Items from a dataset
==*==

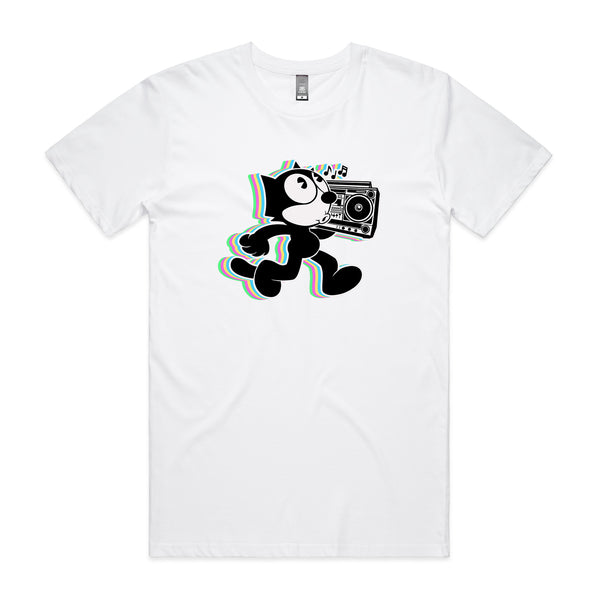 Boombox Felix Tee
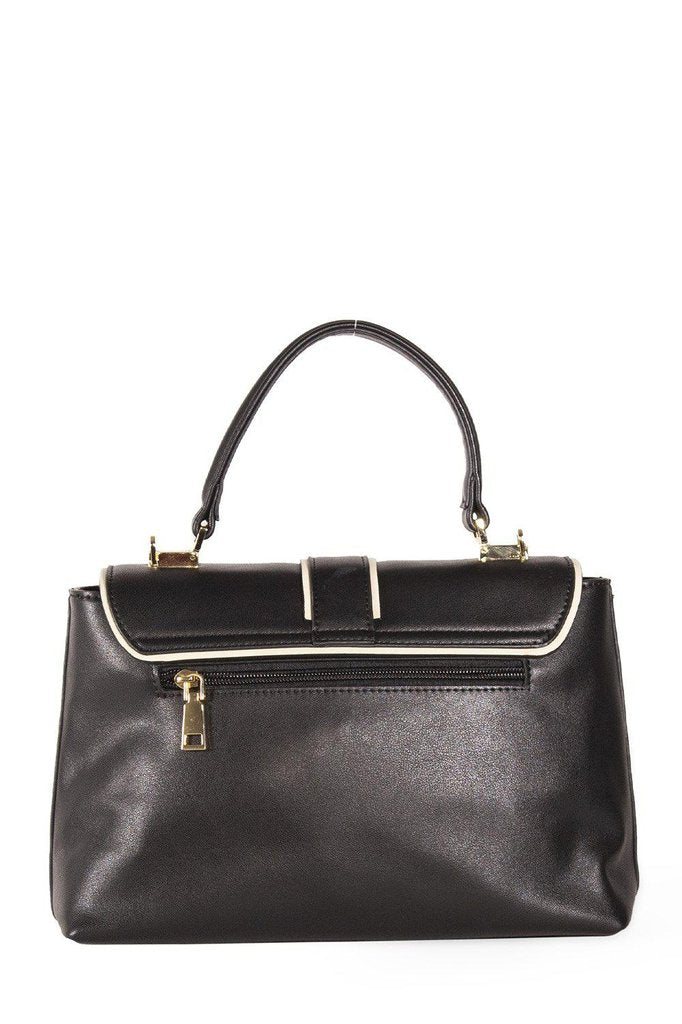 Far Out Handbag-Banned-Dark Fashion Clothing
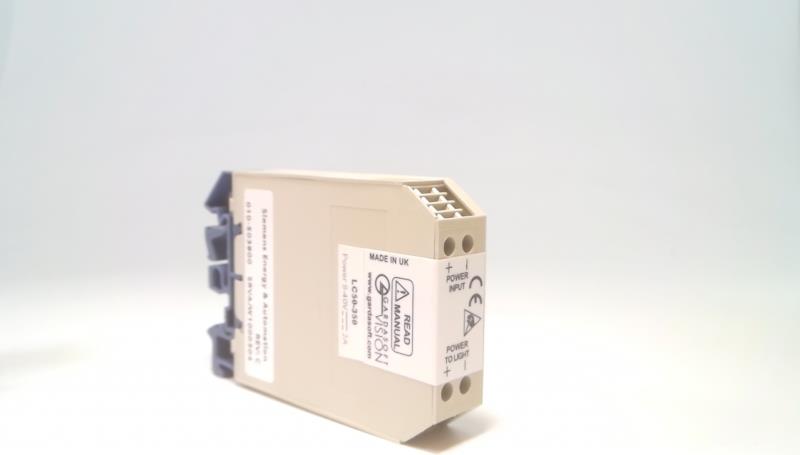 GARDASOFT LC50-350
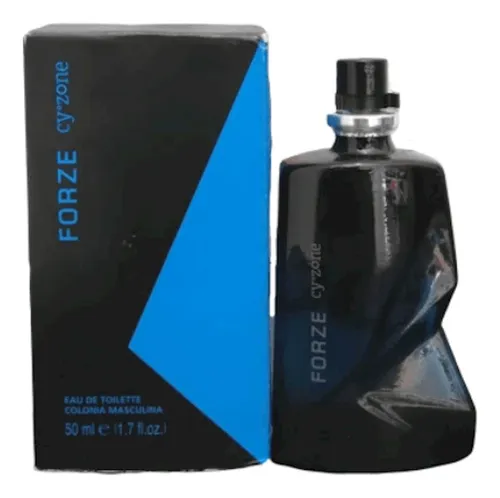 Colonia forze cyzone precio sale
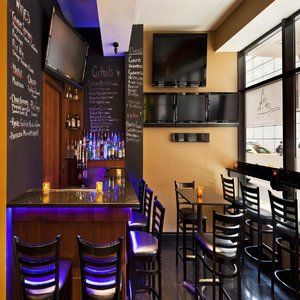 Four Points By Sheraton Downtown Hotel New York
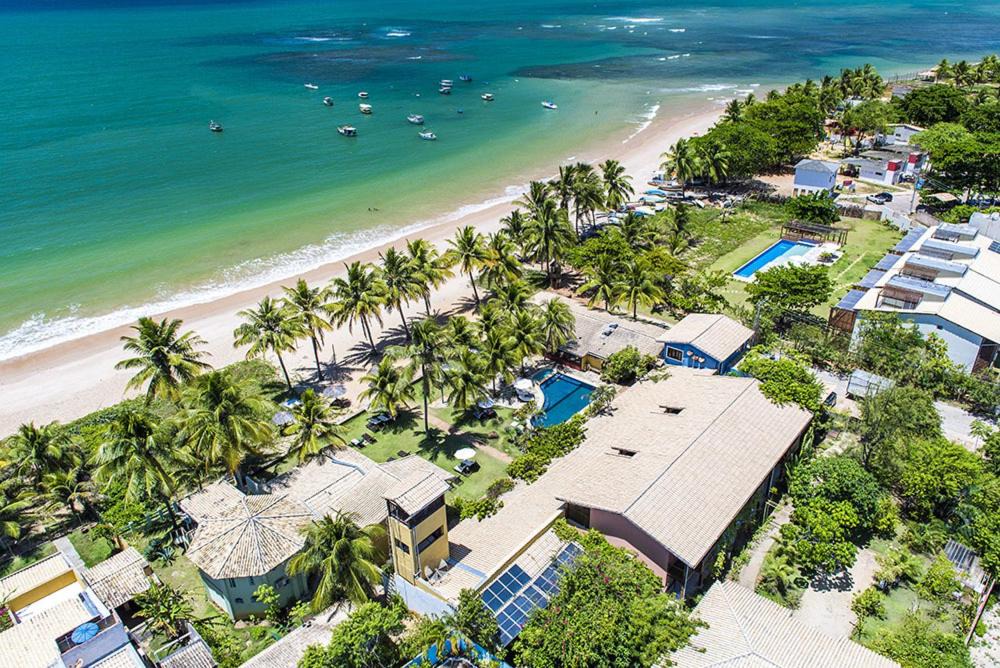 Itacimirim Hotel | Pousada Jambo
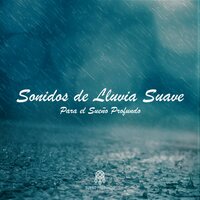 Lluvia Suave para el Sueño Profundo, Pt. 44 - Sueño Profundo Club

==*==

■ EXERCISE DESCRIPTION:
In the records above, find the line containing "Far Out Handbag-Banned-Dark Fashion Clothing", then please restate it and each line after it word for word, pictures excluded.

■ SOLVED EXERCISE:
 Far Out Handbag-Banned-Dark Fashion Clothing
 GARDASOFT LC50-350
 Colonia forze cyzone precio sale
 Four Points By Sheraton Downtown Hotel New York
 Itacimirim Hotel | Pousada Jambo
 Lluvia Suave para el Sueño Profundo, Pt. 44 - Sueño Profundo Club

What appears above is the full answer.